Advocates of watering down sentencing law and dismantling "broken windows" policing speak of "nonviolent" crimes as if they were harmless. Unfortunately a large portion of the population is buying it. "Property crimes" are not harmless. They work a major degradation of the quality of life. Nicole Gelinas has this article in the City Journal focusing on the impact on bicycle riders.
As violent crime remains at historical lows in much of the West, criticism of Broken Windows policing has grown more insistent. Skeptics, including New York mayor Bill de Blasio's new top deputy, J. Phillip Thompson, claim either that preventing small, nonviolent crimes wasn't a big factor in preventing larger violent ones, or that Broken Windows' disproportionate targeting of minorities isn't worth the benefits, even if they exist. This debate ignores a key point: preventing "minor" crime is a social good in itself. Cities plagued with small-scale crime cannot maintain a good quality of life for their residents. Advocates of bike-share programs are discovering this anew, as the private-sector companies that offer the services, from Paris to Baltimore, have pulled out or scaled back because they cannot keep up with the destruction of their bicycles.

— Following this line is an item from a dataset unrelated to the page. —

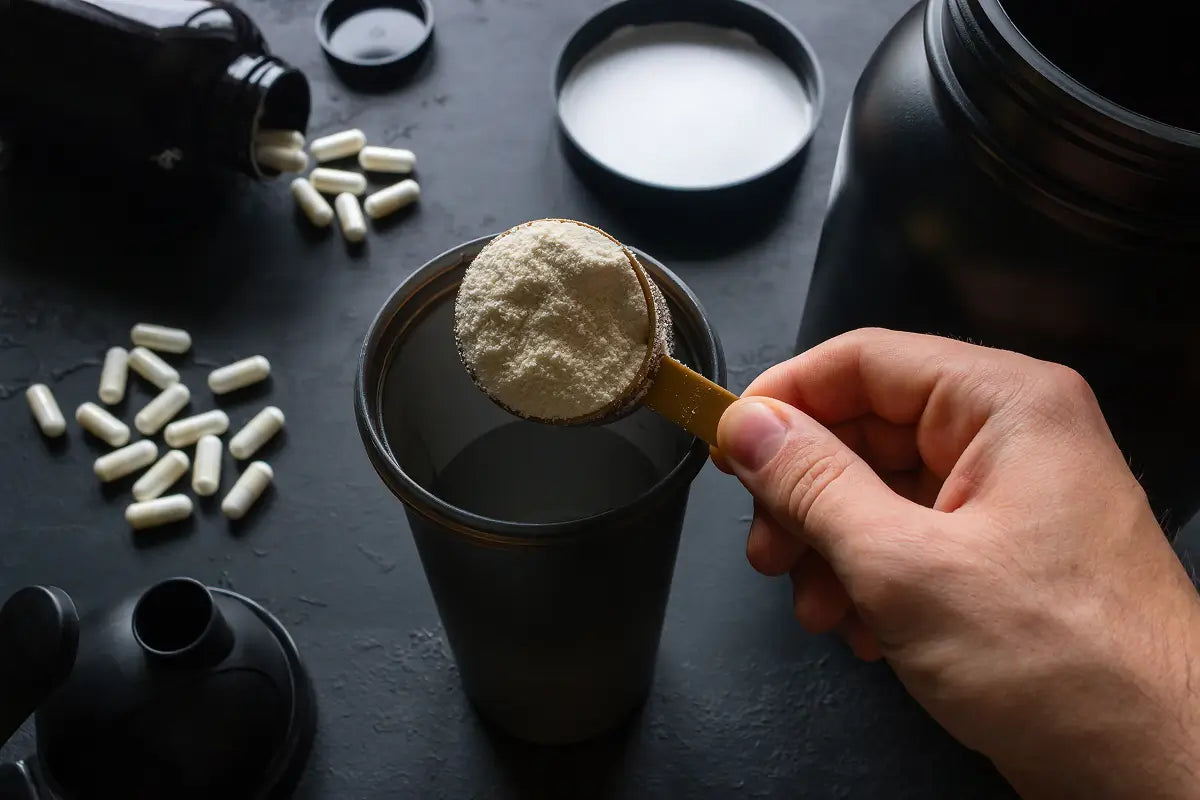 Hand scooping protein powder into a shaker cup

My wife and I both lived in NYC in the late 70s. It was deplorable. I did not return until 2003, and I was very pleasantly surprised by the transformation. There is no one reason for these things-but certainly the “broken windows” policy had to be pt of it. These small crimes have a cumulative effect. We are seeing this in San Francisco now. Last visited NYC in 2016. I sensed, for the first time, some regression. I hope I’m wrong.